— EXERCISE GOAL —
Begin your copy at the line with "Jogadores aquecem no" in the records below and end it at the line with "Gallery image thumbnail", restating each line word for word; omit the pictures.

— INFORMATION GIVEN —

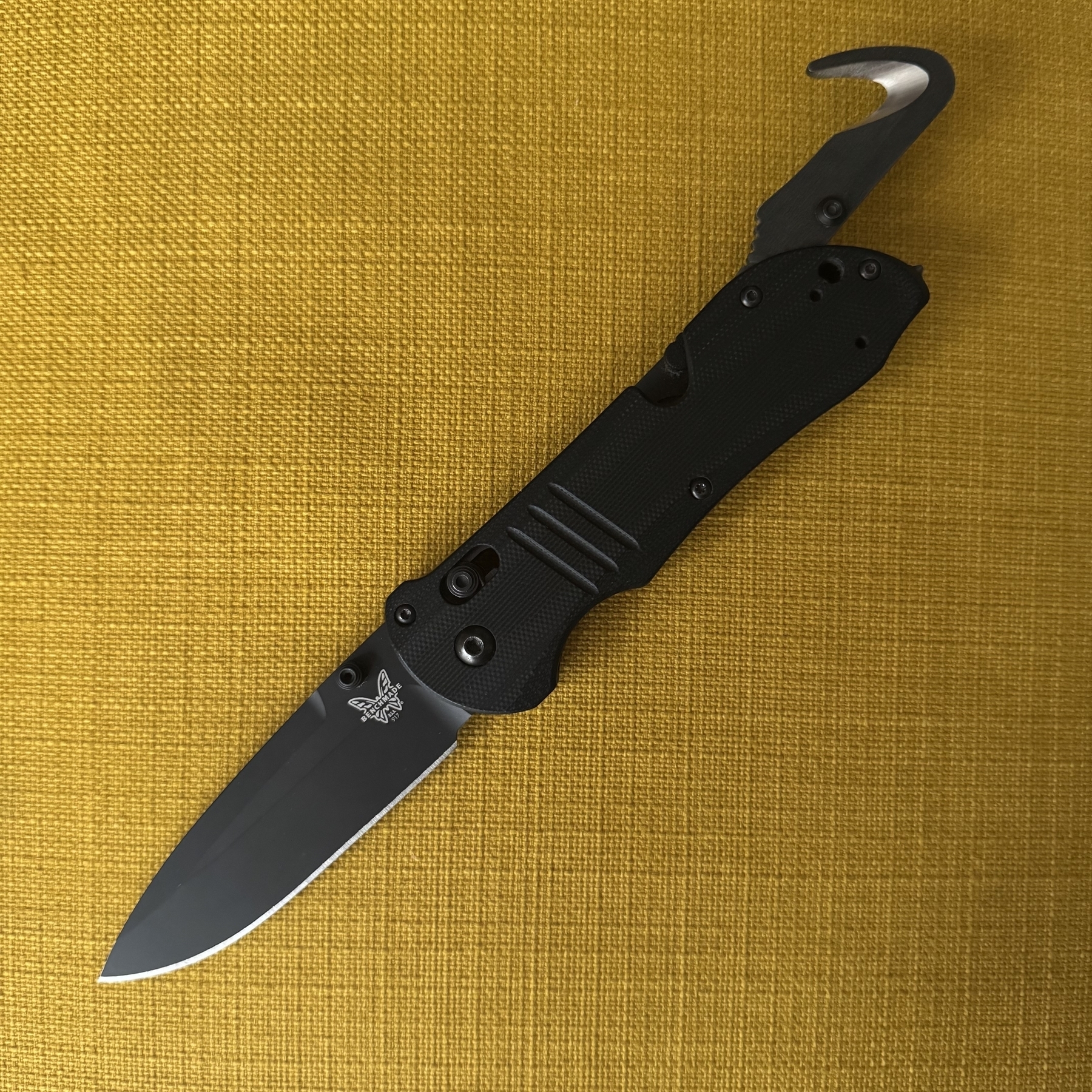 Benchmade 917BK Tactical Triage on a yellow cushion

---

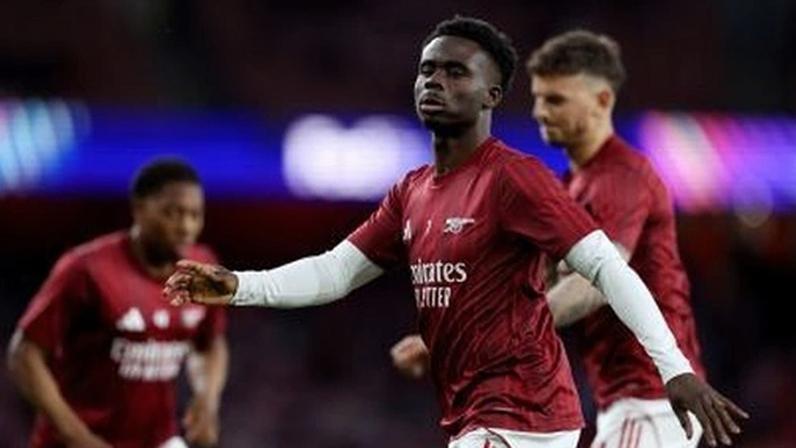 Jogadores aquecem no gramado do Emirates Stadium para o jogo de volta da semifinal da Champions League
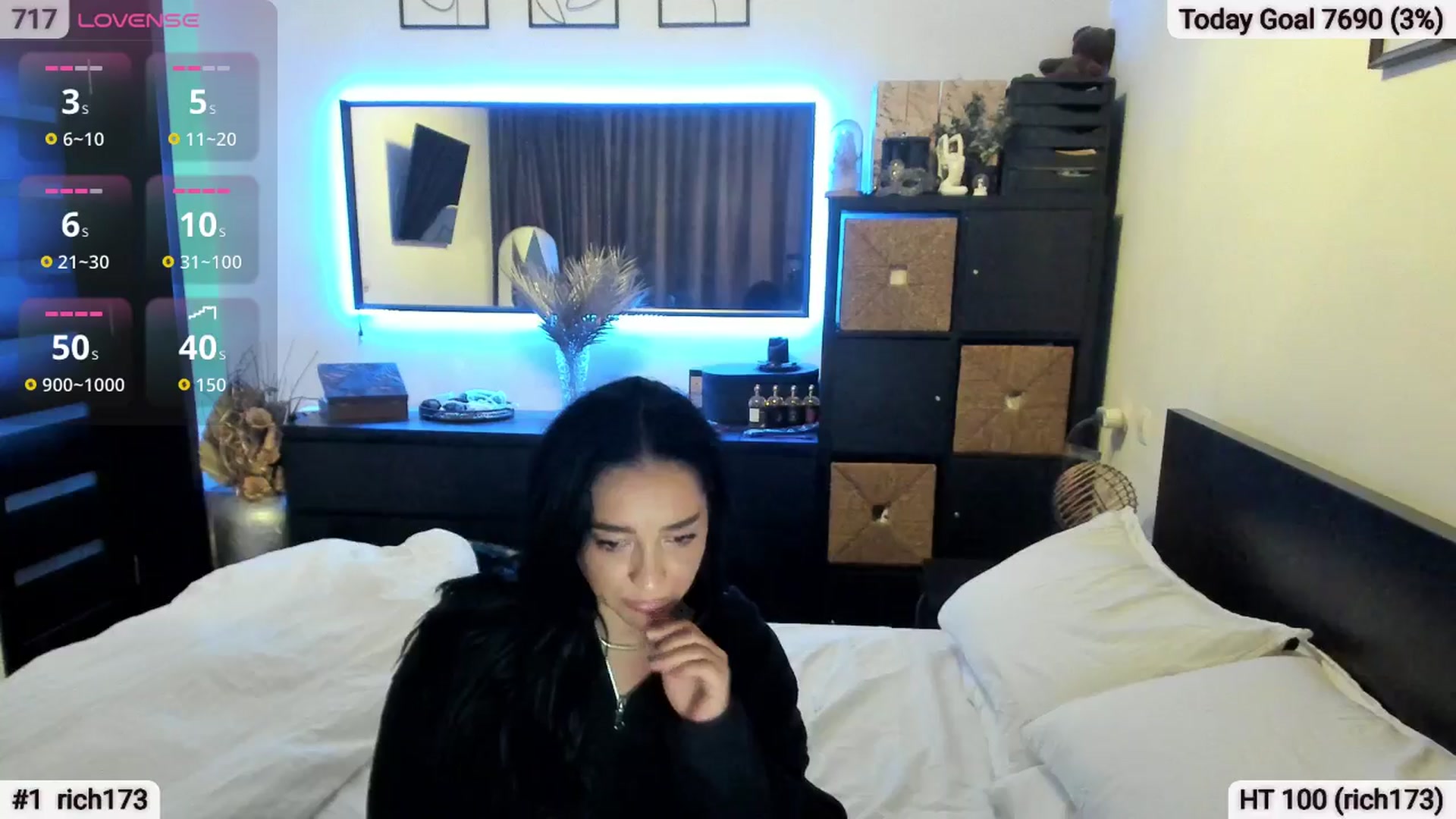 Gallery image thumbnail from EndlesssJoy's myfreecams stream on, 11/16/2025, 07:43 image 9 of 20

* * *

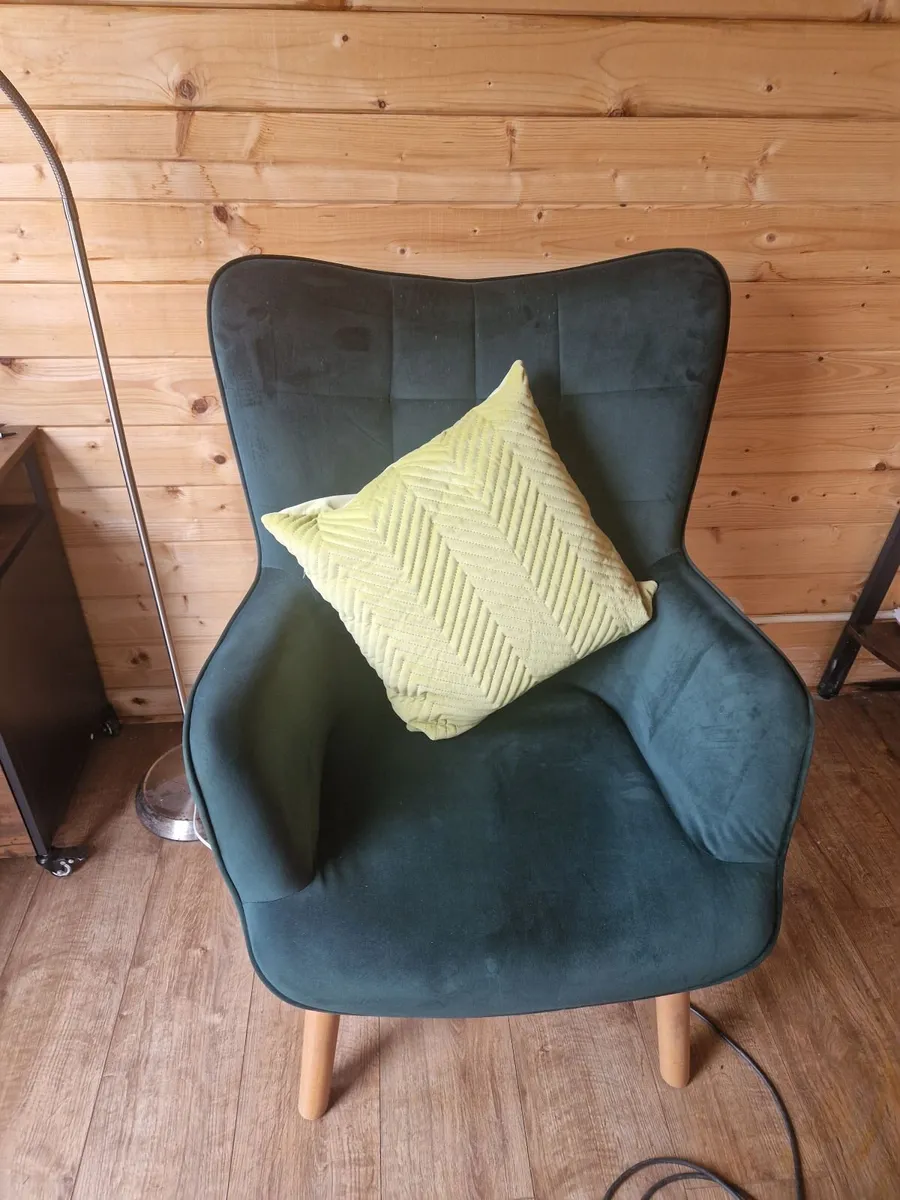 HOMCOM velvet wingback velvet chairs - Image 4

— EXERCISE RESPONSE —
 Jogadores aquecem no gramado do Emirates Stadium para o jogo de volta da semifinal da Champions League
 Gallery image thumbnail from EndlesssJoy's myfreecams stream on, 11/16/2025, 07:43 image 9 of 20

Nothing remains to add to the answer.